TV-Kritik zu "Günther Jauch" Deutschland in der Flüchtlingskrise: hilflos und ratlos
Eine Diskussion über Flüchtlinge in Deutschland ohne populistische Ausbrüche? Das hat Günther Jauch am Sonntag tatsächlich geschafft. Die Probleme bei ihren Wurzeln zu packen? Das hatte man wohl nicht erwarten können. Die Spaltung Deutschlands thematisieren dagegen schon. Das blieb aber aus.
Auch die Antwort auf die Frage, was Deutschland aus dem gerade erst gefeierten Jahrestag der deutschen Einheit für Lehren ziehen könne. Stattdessen machte es die Runde im ARD-Gasometer der deutschen Politik nach - diskutieren, ohne voran zu kommen.
"Flüchtlingsrepublik Deutschland - Wo liegen unsere Grenzen?" Günther Jauch stellte die Gretchen-Frage, die viele Experten in ganz Europa aktuell diskutieren.

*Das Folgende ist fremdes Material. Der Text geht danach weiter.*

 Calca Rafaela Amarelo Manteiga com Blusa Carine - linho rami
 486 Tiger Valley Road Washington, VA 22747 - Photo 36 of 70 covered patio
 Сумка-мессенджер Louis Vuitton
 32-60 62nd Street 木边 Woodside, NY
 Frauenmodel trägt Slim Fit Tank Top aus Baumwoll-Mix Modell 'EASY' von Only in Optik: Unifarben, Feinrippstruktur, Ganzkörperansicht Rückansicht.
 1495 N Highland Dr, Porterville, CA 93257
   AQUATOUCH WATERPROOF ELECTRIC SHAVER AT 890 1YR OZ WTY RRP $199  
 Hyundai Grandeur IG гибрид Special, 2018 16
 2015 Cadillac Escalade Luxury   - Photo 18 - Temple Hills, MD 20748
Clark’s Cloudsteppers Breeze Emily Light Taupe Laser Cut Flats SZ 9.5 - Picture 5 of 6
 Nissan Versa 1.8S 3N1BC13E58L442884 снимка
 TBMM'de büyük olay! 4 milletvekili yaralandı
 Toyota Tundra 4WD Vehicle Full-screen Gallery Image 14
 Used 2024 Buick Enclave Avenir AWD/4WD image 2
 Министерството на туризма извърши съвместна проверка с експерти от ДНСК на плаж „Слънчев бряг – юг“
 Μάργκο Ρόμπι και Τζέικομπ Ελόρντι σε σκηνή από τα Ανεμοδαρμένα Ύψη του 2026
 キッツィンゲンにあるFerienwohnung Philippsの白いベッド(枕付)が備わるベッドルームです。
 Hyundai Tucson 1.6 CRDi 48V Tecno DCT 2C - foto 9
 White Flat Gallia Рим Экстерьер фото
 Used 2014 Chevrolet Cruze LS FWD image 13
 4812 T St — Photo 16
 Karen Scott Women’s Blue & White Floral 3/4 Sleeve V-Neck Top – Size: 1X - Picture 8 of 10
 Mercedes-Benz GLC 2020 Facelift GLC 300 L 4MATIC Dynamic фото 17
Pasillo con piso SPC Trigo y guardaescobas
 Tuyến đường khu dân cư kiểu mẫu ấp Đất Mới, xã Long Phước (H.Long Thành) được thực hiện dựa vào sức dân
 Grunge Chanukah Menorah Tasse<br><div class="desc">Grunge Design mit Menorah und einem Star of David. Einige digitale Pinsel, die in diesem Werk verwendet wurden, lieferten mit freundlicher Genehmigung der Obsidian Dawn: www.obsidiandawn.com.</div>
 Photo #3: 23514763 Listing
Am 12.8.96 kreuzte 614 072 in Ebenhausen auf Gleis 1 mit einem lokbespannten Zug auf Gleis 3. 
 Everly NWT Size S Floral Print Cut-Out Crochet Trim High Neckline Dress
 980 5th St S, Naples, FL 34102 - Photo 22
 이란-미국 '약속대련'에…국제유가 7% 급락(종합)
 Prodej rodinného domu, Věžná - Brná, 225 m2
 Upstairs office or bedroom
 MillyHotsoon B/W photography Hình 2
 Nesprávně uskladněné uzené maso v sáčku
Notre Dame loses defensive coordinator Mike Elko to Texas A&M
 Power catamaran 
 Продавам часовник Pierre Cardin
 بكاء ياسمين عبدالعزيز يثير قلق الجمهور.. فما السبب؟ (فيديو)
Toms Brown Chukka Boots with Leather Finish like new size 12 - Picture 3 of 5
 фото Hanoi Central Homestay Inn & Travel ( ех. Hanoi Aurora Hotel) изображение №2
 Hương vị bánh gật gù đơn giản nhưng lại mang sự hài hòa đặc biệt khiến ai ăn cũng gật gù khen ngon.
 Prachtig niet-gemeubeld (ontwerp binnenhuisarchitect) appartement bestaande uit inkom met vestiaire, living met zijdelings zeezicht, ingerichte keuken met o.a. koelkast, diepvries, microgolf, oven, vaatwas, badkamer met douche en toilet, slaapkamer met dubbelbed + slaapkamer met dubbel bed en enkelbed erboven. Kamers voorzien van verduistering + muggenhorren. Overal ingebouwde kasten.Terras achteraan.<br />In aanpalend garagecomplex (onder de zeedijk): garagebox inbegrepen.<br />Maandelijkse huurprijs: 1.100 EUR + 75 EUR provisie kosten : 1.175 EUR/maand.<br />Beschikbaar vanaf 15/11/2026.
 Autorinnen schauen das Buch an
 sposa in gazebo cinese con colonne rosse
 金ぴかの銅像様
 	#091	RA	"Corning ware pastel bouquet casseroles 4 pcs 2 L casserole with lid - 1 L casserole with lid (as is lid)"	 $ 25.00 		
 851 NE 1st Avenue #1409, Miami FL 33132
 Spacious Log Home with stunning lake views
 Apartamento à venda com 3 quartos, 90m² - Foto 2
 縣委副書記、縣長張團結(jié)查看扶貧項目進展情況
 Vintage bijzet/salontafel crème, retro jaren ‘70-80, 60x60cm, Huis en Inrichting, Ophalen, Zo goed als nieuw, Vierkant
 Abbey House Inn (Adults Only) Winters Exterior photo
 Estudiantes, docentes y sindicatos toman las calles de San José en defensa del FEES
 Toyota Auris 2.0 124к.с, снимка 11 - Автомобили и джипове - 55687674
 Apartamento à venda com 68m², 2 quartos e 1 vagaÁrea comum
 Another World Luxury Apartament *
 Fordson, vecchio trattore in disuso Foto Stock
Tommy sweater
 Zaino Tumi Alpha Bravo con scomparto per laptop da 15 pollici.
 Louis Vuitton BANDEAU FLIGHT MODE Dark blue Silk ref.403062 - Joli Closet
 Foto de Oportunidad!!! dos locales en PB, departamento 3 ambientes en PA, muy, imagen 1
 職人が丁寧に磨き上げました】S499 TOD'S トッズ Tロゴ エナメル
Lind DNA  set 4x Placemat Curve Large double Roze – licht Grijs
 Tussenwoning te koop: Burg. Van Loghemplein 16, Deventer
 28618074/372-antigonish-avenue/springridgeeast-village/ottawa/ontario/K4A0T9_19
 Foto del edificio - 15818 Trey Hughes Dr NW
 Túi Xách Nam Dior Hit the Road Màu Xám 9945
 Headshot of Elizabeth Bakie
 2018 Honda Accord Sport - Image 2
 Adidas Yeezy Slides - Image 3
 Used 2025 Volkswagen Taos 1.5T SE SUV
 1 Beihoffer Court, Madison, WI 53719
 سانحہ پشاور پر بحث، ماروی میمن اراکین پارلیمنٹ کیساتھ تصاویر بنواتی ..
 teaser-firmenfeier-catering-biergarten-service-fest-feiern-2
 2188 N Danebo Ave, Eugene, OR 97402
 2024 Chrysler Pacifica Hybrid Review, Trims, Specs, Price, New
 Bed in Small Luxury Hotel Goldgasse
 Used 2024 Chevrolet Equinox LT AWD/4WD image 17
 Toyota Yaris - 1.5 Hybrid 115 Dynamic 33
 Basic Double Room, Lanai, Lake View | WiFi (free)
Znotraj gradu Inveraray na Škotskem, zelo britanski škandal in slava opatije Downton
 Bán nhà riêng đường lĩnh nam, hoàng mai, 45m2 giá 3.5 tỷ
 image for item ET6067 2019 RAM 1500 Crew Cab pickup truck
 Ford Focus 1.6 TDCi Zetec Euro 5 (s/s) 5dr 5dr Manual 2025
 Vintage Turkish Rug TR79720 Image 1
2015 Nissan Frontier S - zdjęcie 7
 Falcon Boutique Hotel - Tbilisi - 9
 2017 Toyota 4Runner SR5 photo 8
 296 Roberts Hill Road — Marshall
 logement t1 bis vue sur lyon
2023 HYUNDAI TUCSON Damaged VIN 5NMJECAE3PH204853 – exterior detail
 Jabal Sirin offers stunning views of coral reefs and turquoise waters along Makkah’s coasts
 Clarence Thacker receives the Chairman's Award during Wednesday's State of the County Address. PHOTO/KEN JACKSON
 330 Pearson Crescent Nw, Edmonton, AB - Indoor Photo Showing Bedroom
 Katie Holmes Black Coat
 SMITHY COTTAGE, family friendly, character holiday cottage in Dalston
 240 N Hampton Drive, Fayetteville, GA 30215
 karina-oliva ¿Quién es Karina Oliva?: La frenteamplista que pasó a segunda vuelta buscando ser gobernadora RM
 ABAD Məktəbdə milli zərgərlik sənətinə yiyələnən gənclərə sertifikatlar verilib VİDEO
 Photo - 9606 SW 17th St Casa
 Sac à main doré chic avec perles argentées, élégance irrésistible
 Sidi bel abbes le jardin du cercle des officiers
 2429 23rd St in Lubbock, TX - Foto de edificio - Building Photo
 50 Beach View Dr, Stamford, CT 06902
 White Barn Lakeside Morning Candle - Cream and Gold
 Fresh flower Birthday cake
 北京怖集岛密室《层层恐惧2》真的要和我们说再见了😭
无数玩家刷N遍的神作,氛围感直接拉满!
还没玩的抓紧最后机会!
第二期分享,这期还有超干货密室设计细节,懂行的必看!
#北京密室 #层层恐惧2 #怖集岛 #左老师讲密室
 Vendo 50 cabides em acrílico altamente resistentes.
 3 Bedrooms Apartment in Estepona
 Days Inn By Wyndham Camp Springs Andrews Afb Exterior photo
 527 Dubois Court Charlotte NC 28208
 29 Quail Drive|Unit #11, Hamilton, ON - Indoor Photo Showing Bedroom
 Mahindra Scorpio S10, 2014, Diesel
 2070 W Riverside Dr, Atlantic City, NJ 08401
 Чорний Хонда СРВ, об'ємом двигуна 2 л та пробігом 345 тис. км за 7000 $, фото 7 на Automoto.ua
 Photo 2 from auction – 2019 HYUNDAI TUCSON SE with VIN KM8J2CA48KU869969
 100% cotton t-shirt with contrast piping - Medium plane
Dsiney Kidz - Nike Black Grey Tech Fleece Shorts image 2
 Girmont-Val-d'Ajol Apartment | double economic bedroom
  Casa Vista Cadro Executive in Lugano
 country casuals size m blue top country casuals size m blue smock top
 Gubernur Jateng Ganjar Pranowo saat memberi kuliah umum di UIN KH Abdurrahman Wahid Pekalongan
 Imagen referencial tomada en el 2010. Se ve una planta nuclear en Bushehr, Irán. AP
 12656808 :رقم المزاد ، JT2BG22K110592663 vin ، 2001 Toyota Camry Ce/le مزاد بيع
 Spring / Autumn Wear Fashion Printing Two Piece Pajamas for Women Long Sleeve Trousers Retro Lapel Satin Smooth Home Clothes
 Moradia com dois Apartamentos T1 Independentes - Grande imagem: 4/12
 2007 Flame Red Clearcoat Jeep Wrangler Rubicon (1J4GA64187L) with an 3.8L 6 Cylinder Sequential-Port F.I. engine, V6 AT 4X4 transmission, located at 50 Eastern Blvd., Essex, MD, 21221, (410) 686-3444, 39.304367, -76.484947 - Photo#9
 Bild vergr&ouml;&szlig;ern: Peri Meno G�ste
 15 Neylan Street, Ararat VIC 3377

Was kommt auf Länder wie Deutschland zu, wenn der Strom an Menschen in den kommenden Monaten nicht abebben sollte? Worauf muss sich Deutschland einstellen? Die Politik, die Deutschen, die Flüchtlinge? Die Quintessenz des Abends: Keiner weiß es.
Entkräftete Argumente eines hilflosen Politikers
Das konnte keiner am Sonntag besser demonstrieren als in seiner Hilflosigkeit Peter Altmaier. Während von der CSU täglich Angriffe auf Kanzlerin Angela Merkel gefahren werden, sprach der Chef des Bundeskanzleramtes von "Nuancen", die CDU und CSU in der Grundhaltung zur Flüchtlingspolitik auseinander lägen. Er wollte den Zuschauern erklären, dass die Parteien zusammenhielten, eine gemeinsame Richtung verfolgten. Wohlwissend, dass diese gemeinsame Richtung längst Illusion geworden ist.
Altmaier konnte weder glaubhaft versichern, dass die Große Koalition an einem Strang zieht, noch dass eine gemeinsame europäische Lösung realistisch sei. Aussagen wie "die Kanzlerin wird insistieren, dass alle europäischen Länder sich ihrer Verantwortung stellen" wurden im Nu widerlegt. Schließlich kann ein Land wie Tschechien erklären, es nehme viele Flüchtlinge auf. Wenn diese aber nach Deutschland wollten, so könnten sie dies - die offenen Grenzen machen es möglich.
Und wenn Altmaier erklärte: "Wenn ein Flüchtling im Stande ist, sich seinen Lebensunterhalt zu verdienen, dann dürfen wir ihn nicht durch administrative Hürden daran hindern", klang das zwar nach einer guten Idee. Er machte sich aber selbst seine hoffnungsvolle Aussage wieder zunichte, indem er eingestehen musste, dass ein "Erfolg bei der Arbeitsvermittlung aktuell eher gering ist, weil die Ämter die Qualifikationen der Menschen nicht kennen".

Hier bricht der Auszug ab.